IBM's ability to create new businesses, new business development have a system, made from entrepreneurship, how to manage creative, evaluate new career reached a milestone, there are different categories of new management skills in different stages of career development, organizational procedures.

Cost saving
IT can be used to drive up business value through cost saving by knowing where we can cut off a certain department that is not necessary since all the calculation can be done on the computer and easily to be understanding cost-reports. Also, internet makes it possible to sell products and services outside the companys location and an easier way of contacting oversea division companies.

Revenue Growth
Internet can be used as advertisement to increase the number of our customers; also they can shop online w/o being near the business location.

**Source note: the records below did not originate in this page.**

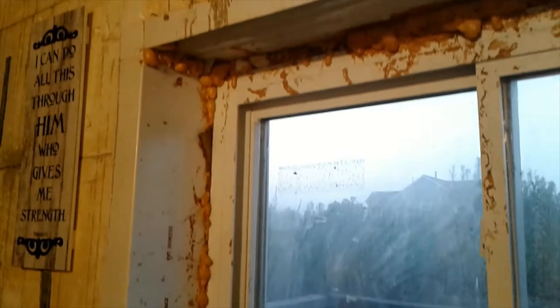This is my favorite window of the entire house. This is how we bought it — this is not anything I did, this is literally how it came. Can't make this stuff up at this house.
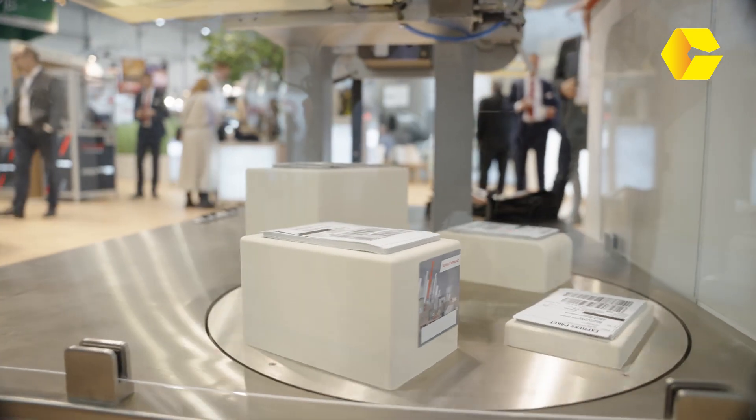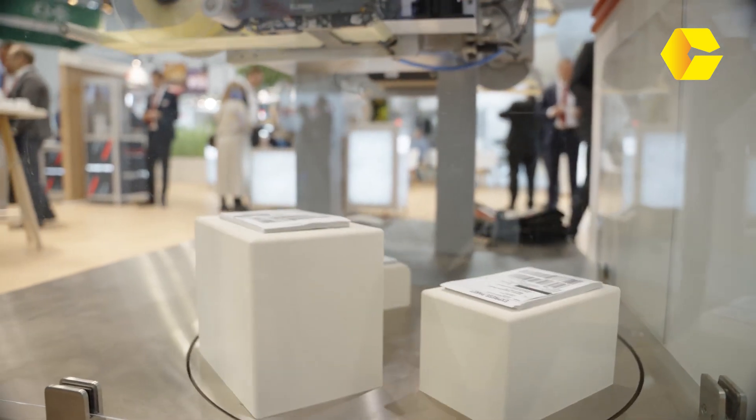We're here with Volker Blum from Blum Weber Group. What products have you brought to InterPak this year? We are here at InterPak every time it takes place — after six years, we're very happy to present our product range. It's ranging from the label application side to marking with ink and up to marking with laser.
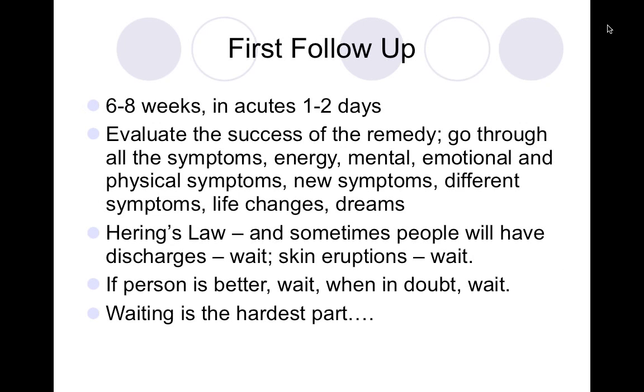You also want to observe new symptoms, different symptoms, life changes, and dreams — though life changes and dreams are more for constitutional cases. If a pulsatilla patient suddenly has a dramatic temperature change, they may be going from the acute remedy to the chronic. If they become chilly and more reserved, think of silica.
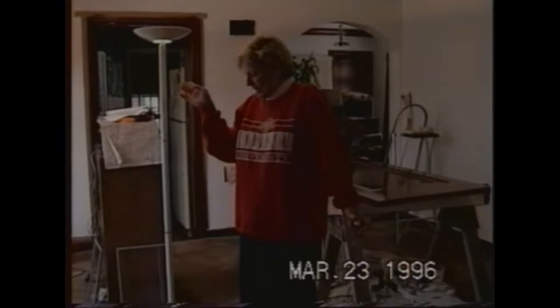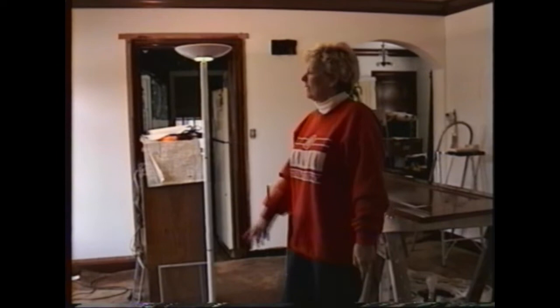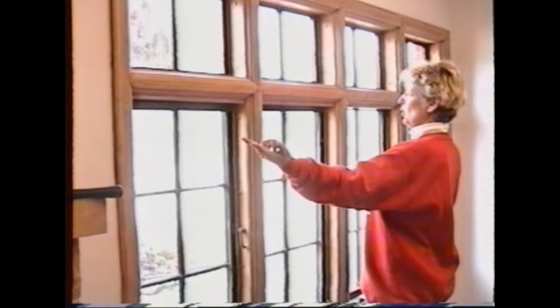Okay, here we are in the living room. This project started in January and it is now March 23rd. This window — swoop around here, camera person — this window has been stripped and stained and varnished twice. The entire window.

Business can use internet offer services online for convenience, a lot of people will pay for convenience, and an example would be Netflix, offer customers not needed to worry about late fees and can watch customers favorable movies.

Drive asset efficiency


In the case study, IBM shifted to an E-business strategy which freed the company from having to compete in every product category. Instead of funneling resources and energy into competing in categories in which its offerings were weak.

Conclusion
After reading this IBM case study, I learned more about the history of a successful company, the steps it took for this company to be one of the largest company in the world and having large amount of revenue with all the competitors. The innovation the company had, the creation of EBOs and different strategy the company used. The approach that the company took for the customers, to bear hug them, provide excellent service to gain customers trust. Solution to the above problem was going into the market as One IBM and Gerstner layoff over 75,000 employees in the company because they were underperforming in the company. Also, the products should be eliminating into one and still serve the same purpose. The downside of eliminate into one product is the lack of variety for customer to choose, since most customers like to have a selection of different products and does not want to be force to buy that specific product.